▸ Supplied data
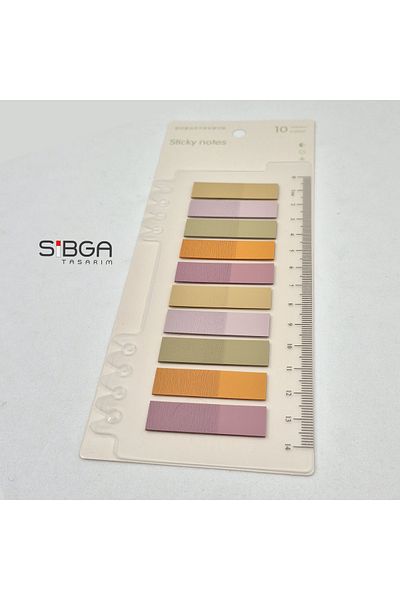 sibga tasarım Transparent Colored Post-It Note Paper - 200 Sheets Bookmark Sticker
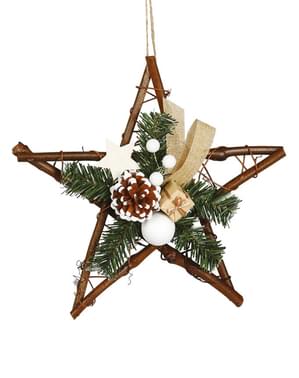 Estrela natalícia grande com pinha para a árvore de Natal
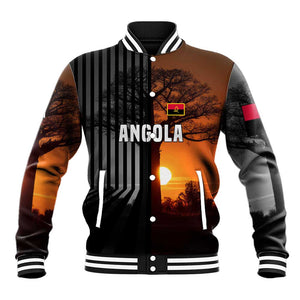 Angola Baseball Jacket Sunset Zebra Design and African Nature - African Pride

▸ Task brief
Restate each line above exactly, keeping pictures out.

▸ Response to this task
 sibga tasarım Transparent Colored Post-It Note Paper - 200 Sheets Bookmark Sticker
 Estrela natalícia grande com pinha para a árvore de Natal
 Angola Baseball Jacket Sunset Zebra Design and African Nature - African Pride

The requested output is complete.